Analysis of the picket line clauses as interpreted by the arbitrator must begin with the well established principle that separate contractors working on a construction site are not engaged in a joint enterprise, but instead retain their independent status.45 In particular, on the Elk River project there were no contractual relationships at all between Johnson, Gorham and Design Electric. Each contractor was on the project under contract with the School District as a result of being the successful bidder pursuant to competitive bidding required by Minnesota law on public projects.
Simply because contractors are on a common construction site, a Union may not *266picket or strike a neutral contractor because the Union has a dispute with another prime contractor on the construction site.

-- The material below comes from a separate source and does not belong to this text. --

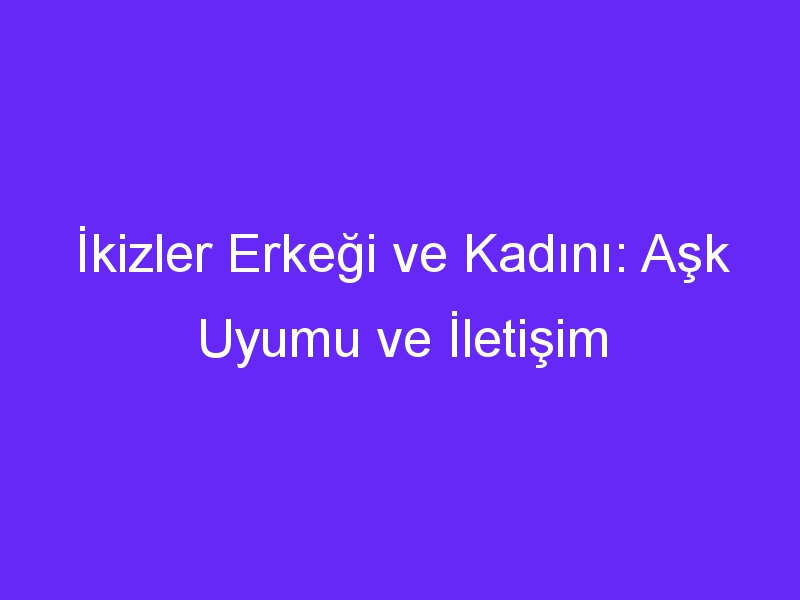 İkizler Erkeği ve Kadını: Aşk Uyumu ve İletişim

The concept of separate gates is now well established as a means of isolating the dispute to the primary contractor, thus to avoid enmeshing the neutral contractor' in the dispute. With the concept of separate gates in operation, it follows that a picket line at the neutral gate is the same in law as a picket line at a totally different job site, /. e., it must be justified (or not) by whatever is going on at that job site or behind that neutral gate. By definition a neutral gate is for employees of neutral — uninvolved— employers. It follows, therefore, that a picket line on a construction site maintained at the neutral employer’s gate constitutes secondary activity and is therefore a violation of Section 8(b)(4)(B) of the Act.46 Picket line clauses which seek to protect such secondary activity are in violation of Section 8(e) of the Act.47
Under Section 8(e) an agreement between a neutral employer and a Union that Union members can refuse to handle goods (“hot cargo”) produced by an employer whose employees are on strike is an unfair labor practice. Similarly, under Section 8(e) an agreement allowing the employees of a neutral employer to strike in support of a primary strike is also an unfair labor practice. While the triggering event in such a case is a primary strike or dispute between the struck employer and its employees, the secondary strike or refusal by the employees of the neutral employer to handle the goods is secondary activity, with the objective of causing the neutral employer to cease to do business with, or to refuse to handle the goods of, the struck employer.48
A similar analysis is appropriate with respect to determining whether picket line clauses are void under Section 8(e). While the picket maintained by Local 110 at the Design gate was primary as to Design, there is no disagreement that the same picket, if stationed at the Johnson-Gorham neutral gate, would be secondary because the primary dispute was with Design. It cannot be disputed that the picket line clauses would not protect the Union members in refusing to cross a picket line maintained by Local 110 at the neutral gate.
The arbitrator, in his decision, apparently decided that Local 110 was in some manner picketing at the Johnson and Gorham gate, as well as at the Design gate.49 While somewhat confusing, the arbitrator appears to say the contract clauses allow the employees to determine that a picket exists at a location where in fact one does not exist (at the Johnson-Gorham gate), and then to refuse to cross that non-existent picket line. However, any picket line maintained by Local 110 at the Johnson-Gorman gate — whether deemed “factual,” “imagi*267nary,” or otherwise — any such picket line would be a secondary picket line. The designation of a “neutral gate” is precisely to avoid a picket line being placed at such neutral gate, i. e., to say that there is no reason or legal right for any picket line to be placed here, because this gate is to be used by employees of an employer who, it is agreed, has no connection with a dispute going on elsewhere. Thus the picket line clauses as interpreted and applied by the arbitrator were clearly in violation of Section 8(e) as having authorized in advance a refusal to cross a secondary picket line.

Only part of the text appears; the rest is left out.